Dopo Fini, Bossi. Il leader della Lega passa dalle parole ai fatti e, dopo l'apertura di mercoledì alle modifiche, ieri ha confermato al presidente della Camera l'intenzione di seguirlo sulla strada dei cambiamenti al ddl intercettazioni licenziato dal Senato, non foss'altro per «non rimanere fregati» dalla mancata promulgazione da parte del presidente della Repubblica.
Poco dopo, in commissione Giustizia, la Lega dava man forte alla presidente Giulia Bongiorno, relatrice del provvedimento, sulla necessità sia di «approfondire» e «riflettere» (anche con audizioni) sia di «modificare» alcuni punti del testo, a cominciare dal meccanismo delle proroghe del tetto massimo di 75 giorni.
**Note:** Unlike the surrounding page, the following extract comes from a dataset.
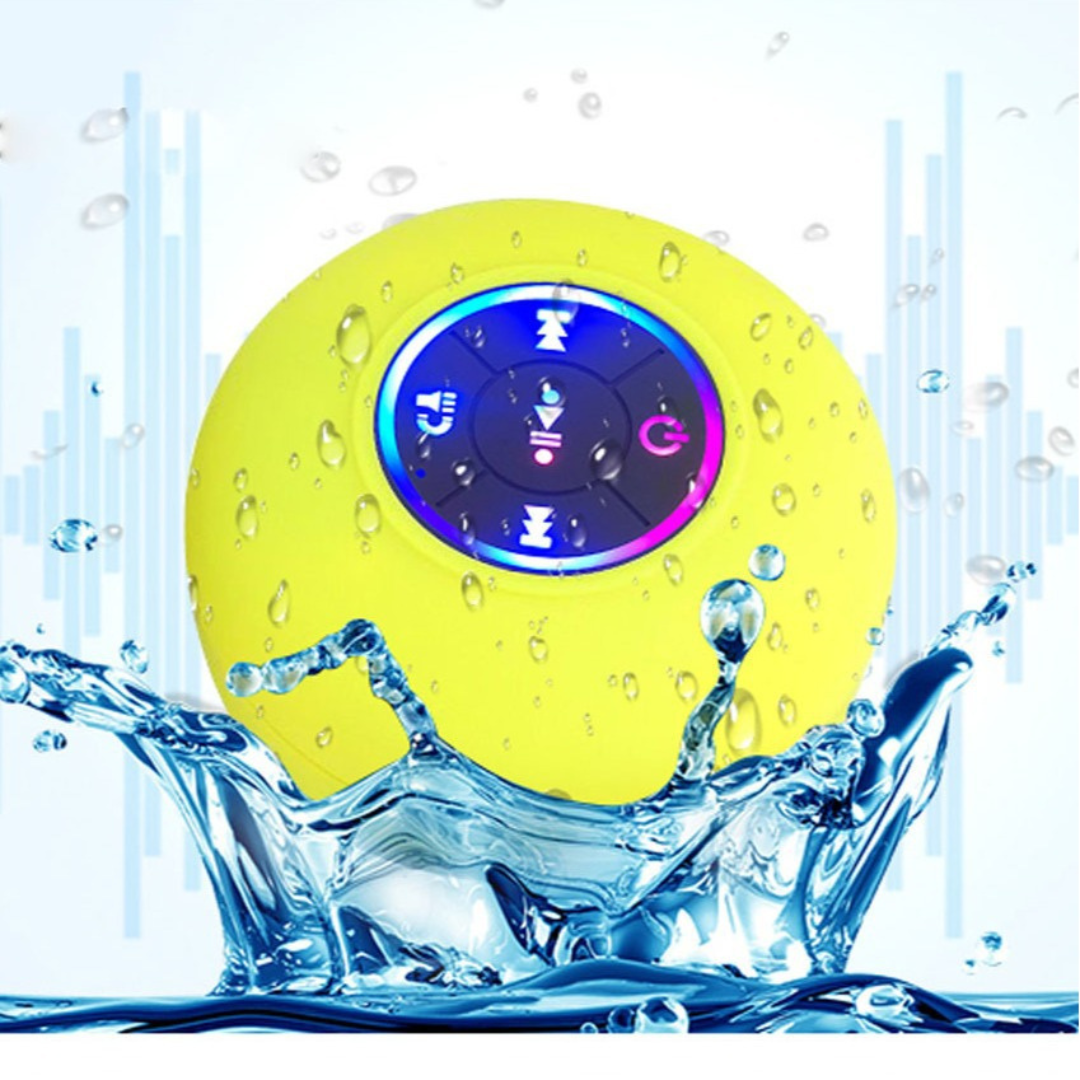 Stylischer wasserdichter Bluetooth Lautsprecher mit Saugnapf in Schwarz für kabellosen Musikgenuss.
Ad opporsi, soltanto i berlusconiani, che insistono per «fare presto». Ma il premier, a chi ieri lo ha sentito, confidava di avere ormai «le mani legate» e di non poter fare più nulla per scongiurare le modifiche a un testo che, ribadiva, «già non sentivo mio e del quale, quindi, mi importa poco». Un epilogo di cui considera responsabile il presidente della Camera, "colpevole" di volerlo «boicottare» e di avergli aizzato contro «la sinistra e addirittura l'Europa».
Sembra sempre più scontato che il ddl intercettazioni uscirà da Montecitorio non prima di settembre, anche se il ministro per le Infrastrutture, Altero Matteoli, continua a sostenere che «ci sono i presupposti e i tempi per approvarlo prima dell'estate». «Deciderà la Conferenza dei capigruppo», aggiungeva. E poiché Fini l'ha convocata per lunedì, qualcuno ha pensato che ancora ci fosse lo spazio per un'anticipazione ad agosto; ma in serata, da ambienti della presidenza della Camera è stato precisato che lunedì non si parlerà affatto di intercettazioni.
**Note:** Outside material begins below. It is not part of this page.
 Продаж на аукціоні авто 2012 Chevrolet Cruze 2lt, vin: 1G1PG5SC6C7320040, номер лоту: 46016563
Nella partita gioca un ruolo decisivo il Quirinale. Finché il Pdl non avrà la certezza del via libera del Colle, la corsa contro il tempo sarebbe inutile e controproducente, perché non garantisce di avere la legge prima dell'estate. Bossi, ieri, lo ha detto a chiare lettere dopo l'incontro con Fini a Montecitorio. Il faccia a faccia è durato un'ora e al termine il Senatur ha messo in chiaro che occorre «trovare una via d'uscita». «Se si va a testa bassa non risolvi le cose; se invece si parla, si tratta, le cose si risolvono», ha spiegato. Il muro contro muro rischia infatti di avere ricadute negative sulle riforme, anzitutto sul federalismo.